═══ Dataset extract

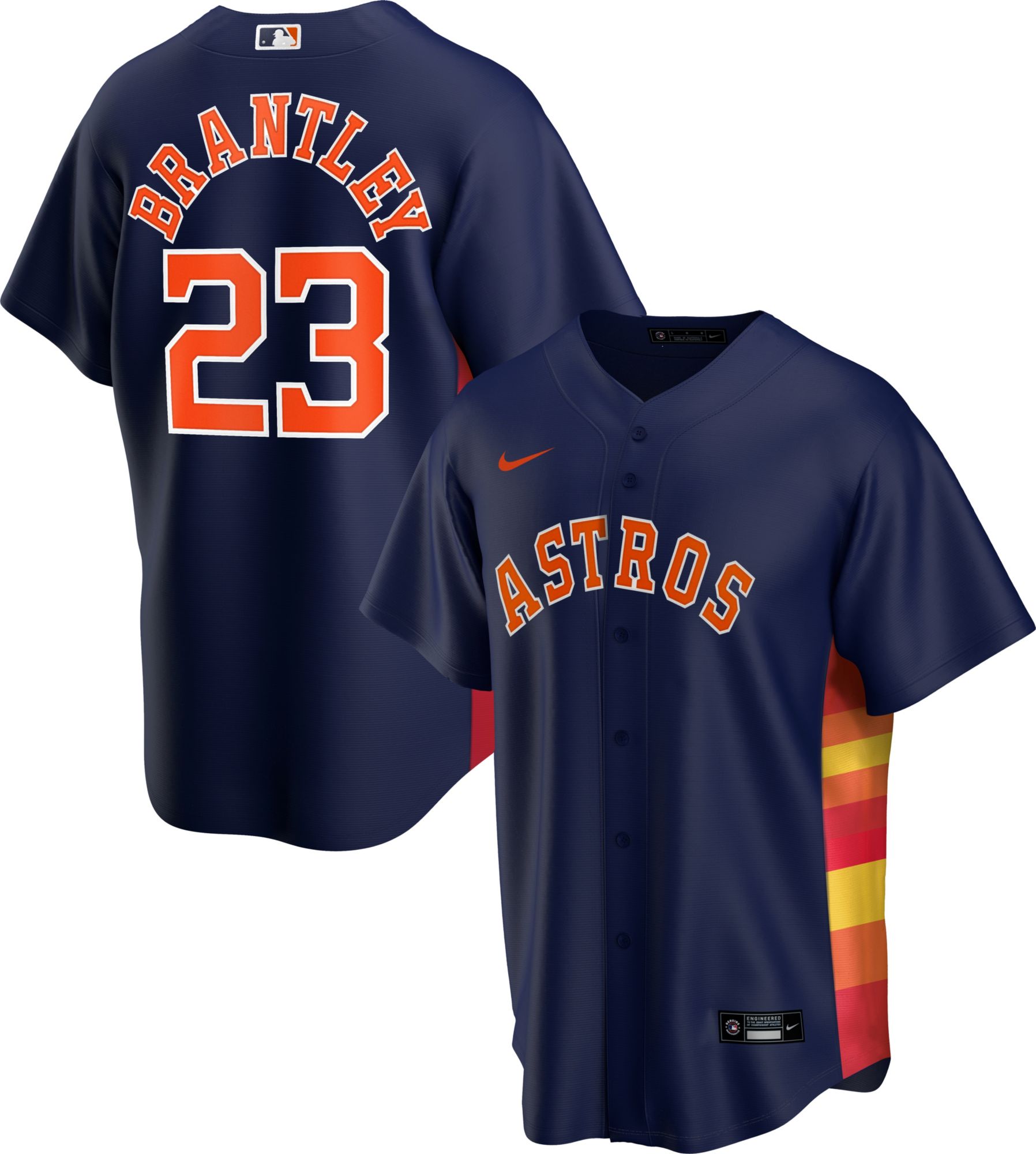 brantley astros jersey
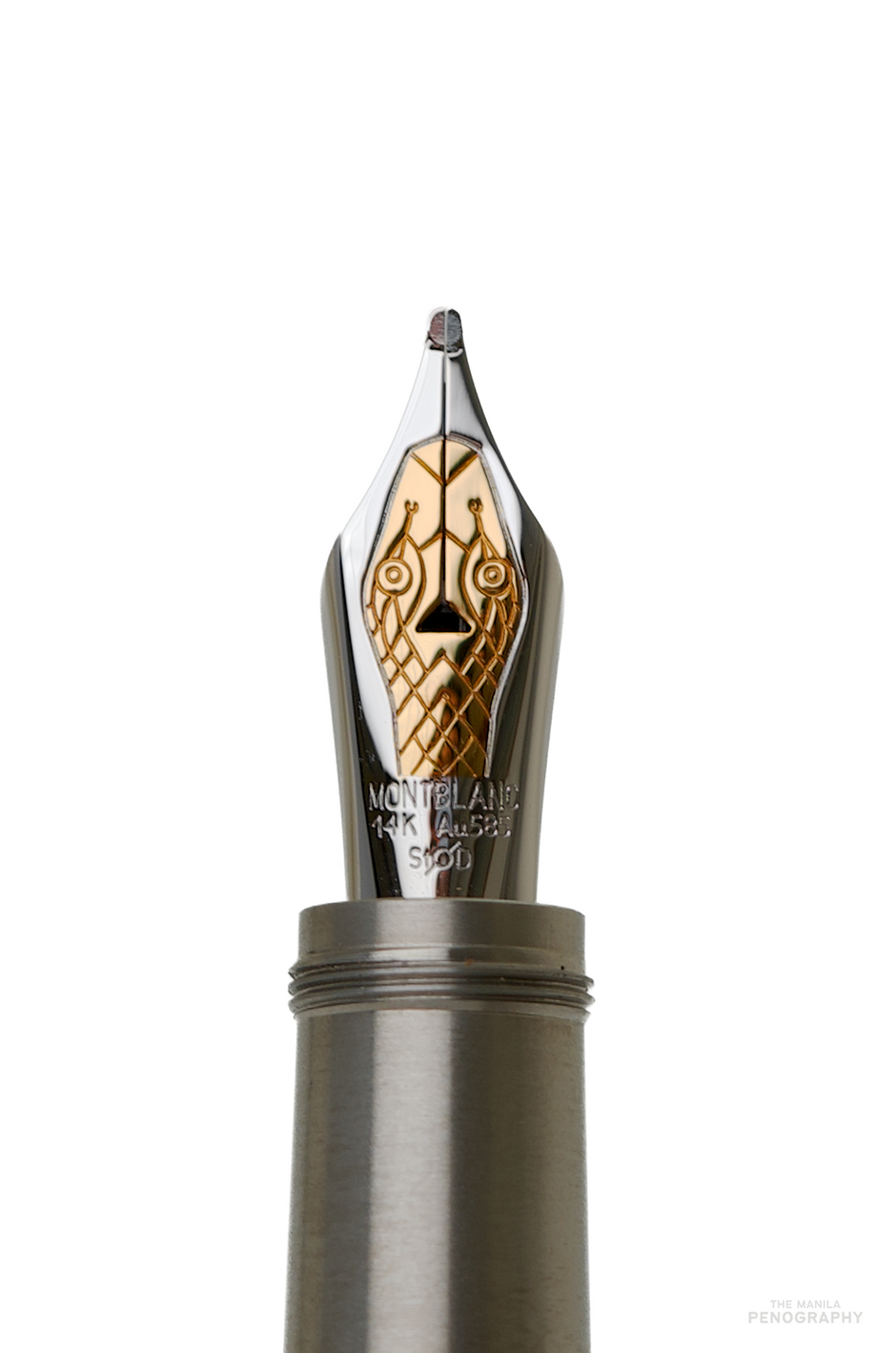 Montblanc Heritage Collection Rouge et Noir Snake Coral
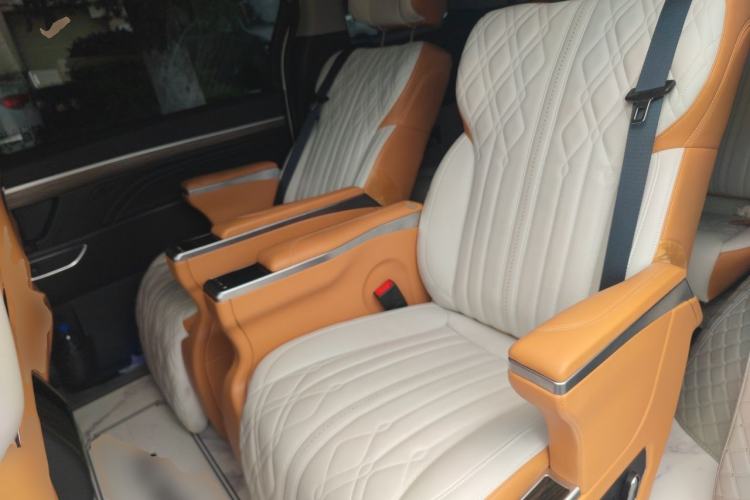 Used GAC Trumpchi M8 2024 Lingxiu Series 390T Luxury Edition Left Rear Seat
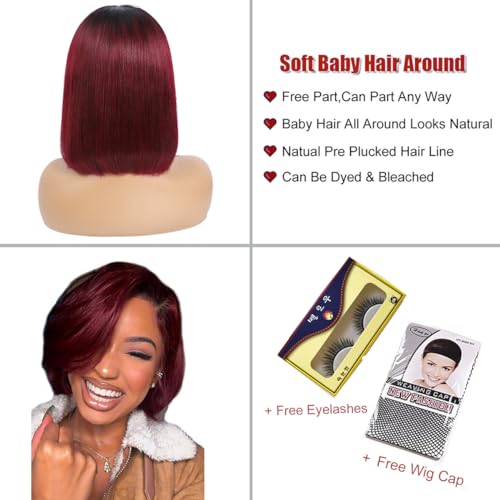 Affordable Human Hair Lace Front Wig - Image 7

══════

What the task asks:
Everything from the line with "Montblanc Heritage Collection" through the last line of the listing should be retyped exactly, with both end lines kept and the pictures left out.

Response box:
 Montblanc Heritage Collection Rouge et Noir Snake Coral
 Used GAC Trumpchi M8 2024 Lingxiu Series 390T Luxury Edition Left Rear Seat
 Affordable Human Hair Lace Front Wig - Image 7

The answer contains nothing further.